A la deriva: hijos huérfanos con padres vivos y físicamente presentes, pero ausentes
El 14 de noviembre de 1938 se estrenó en el Théâtre des Ambassadeurs, en París, la obra Los padres terribles, que Jean Cocteau escribió para su amiga, la actriz Yvonne de Bray, quien no pudo protagonizarla por razones de salud. Cocteau (1892-1963), uno de los intelectuales más brillantes del siglo XX, dramaturgo, novelista, cineasta, poeta, protagonista e impulsor de las vanguardias artísticas, proponía una mirada crítica y cáustica sobre la supuesta pureza y santidad de la familia burguesa, y lo hacía jugando con maestría en una zona de fronteras entre la farsa, el vaudeville y el drama. Convertida en película en 1948, y dirigida por el propio Cocteau, ahora sí con la actuación de Yvonne de Bray, y Jean Marais, que fue amante del autor, Los padres terribles tuvo numerosas y exitosas representaciones en todo el mundo.
Había sido puesta en escena en Buenos Aires en 2007, con la dirección de Alejandra Ciurlanti y la actuación de Mirta Busnelli, Luis Machín, Noemí Frenkel, María Alché y Nahuel Pérez Biscayart. Y regresó ahora, en una versión modificada y dirigida por Daniel Veronese, con Luis Ziembrowski, Ana Katz, Ana Garibaldi, Sofía Gala Castiglione y Max Suen. Veronese respeta la trama, pero invierte características y vínculos entre personajes para otorgar a la obra una actualidad candente e ineludible.
Una familia en la que se cruzan, entretejen y encubren amoríos, infidelidades y traiciones entre propios y ajenos se convierte en muestra viviente de lo que, en los albores de este siglo, el sociólogo y pensador polaco Zygmunt Bauman (1925-2017) llamó amor líquido. El amor tal como se manifiesta en un tiempo en el que todo fluye a mayor velocidad cada vez, en el que ninguna forma permanece, ni las ideas, ni las convicciones se sostienen, todo es fugaz y descartable.
La ansiedad, la aceleración y la alienación exigen resultados, desprecian los procesos, la memoria es remplazada por el olvido y las personas ya no son ciudadanos, sino sólo consumidores, que, como tales, se consumen también entre sí.
La actual versión de Los padres terribles (aquí no se revelarán detalles de la trama, porque merece ser vista) evidencia el modo en que los vínculos, incluso los más íntimos, reflejan el encapsulamiento del individuo contemporáneo, la conversión del otro (así sea hijo, hermano o hermana, cónyuge o pareja) en un simple objeto al servicio del deseo propio, y cómo, una vez cosificado, se usa y se tira sin miramientos, aunque se le jure amor.
Si, según se dice y se repite, la familia es la célula básica de la sociedad, Los padres terribles exhibe (lo hacía ya en su versión original) a través de una célula representativa aspectos oscuros de esa sociedad, que suelen ser ocultados o negados usando para ello precisamente el escudo de la familia.

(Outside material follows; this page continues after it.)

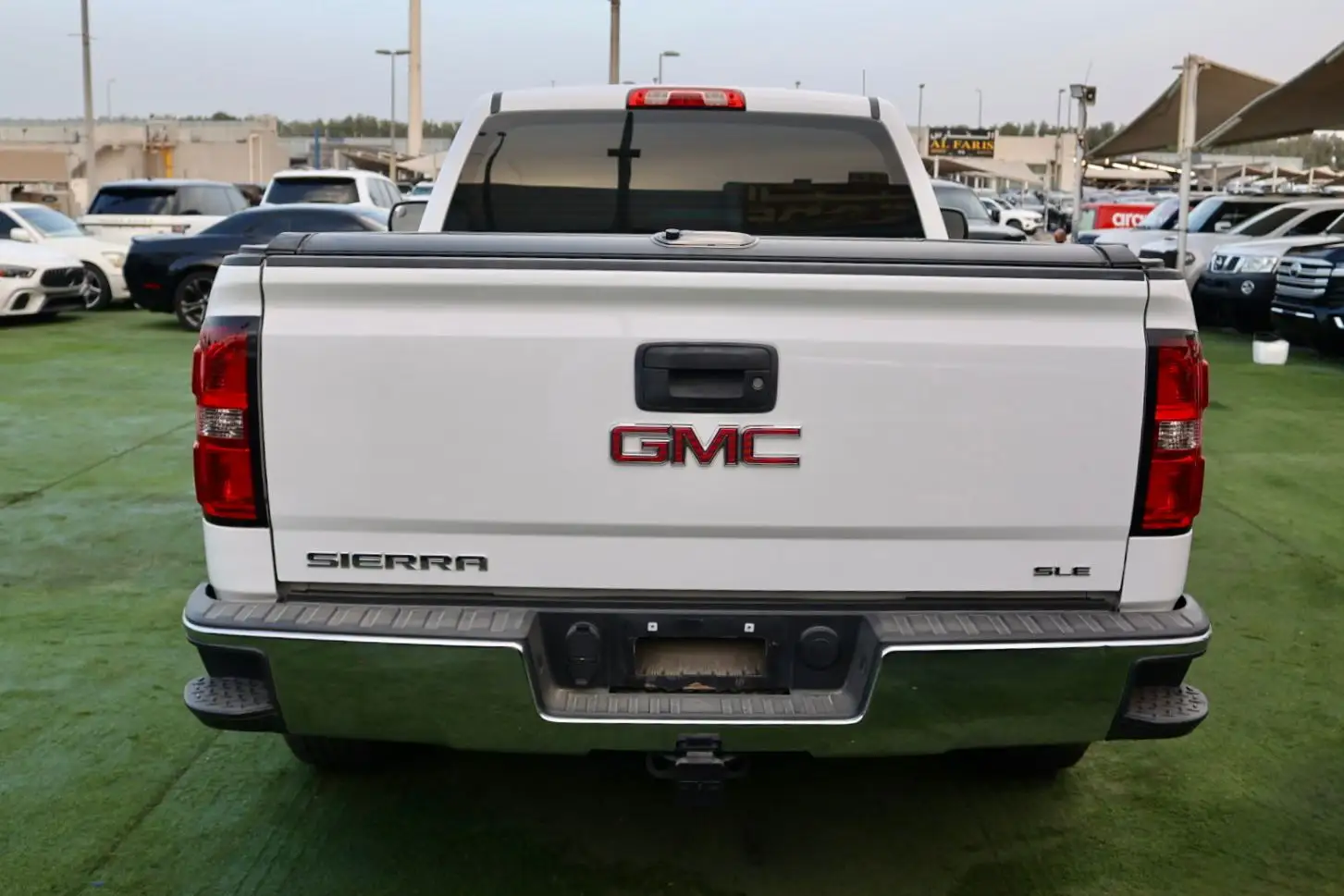 GMC Sierra EV 2024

Uno de esos aspectos, que emerge en la puesta y que hoy exige urgente reflexión y asunción, es el modo en que el egoísmo de los adultos, cada día más ensimismados en sus prioridades y más lejanos de su responsabilidad de guías existenciales, no sólo deja a los hijos a la deriva, sino que, siempre en nombre del amor (palabra que se dice fácil y se niega rápido en las acciones), se los convierte en instrumentos al servicio de apetencias y carencias propias.
En un tiempo de hijos huérfanos con padres vivos y físicamente presentes, pero ausentes de sus funciones, y de amores líquidos, la visión de Los padres terribles, en una puesta cuya dinámica no decae y no da respiro, puede provocar abundante diversión y como corresponde a una comedia negra, puede hacer que la risa se congele cuando las escenas actúan como espejo del espectador y cuando desde la butaca se percibe que las balas pican cerca. A menos que se haya hecho de la familia un espacio de respeto, empatía y vivencia de valores. Un desafío indelegable.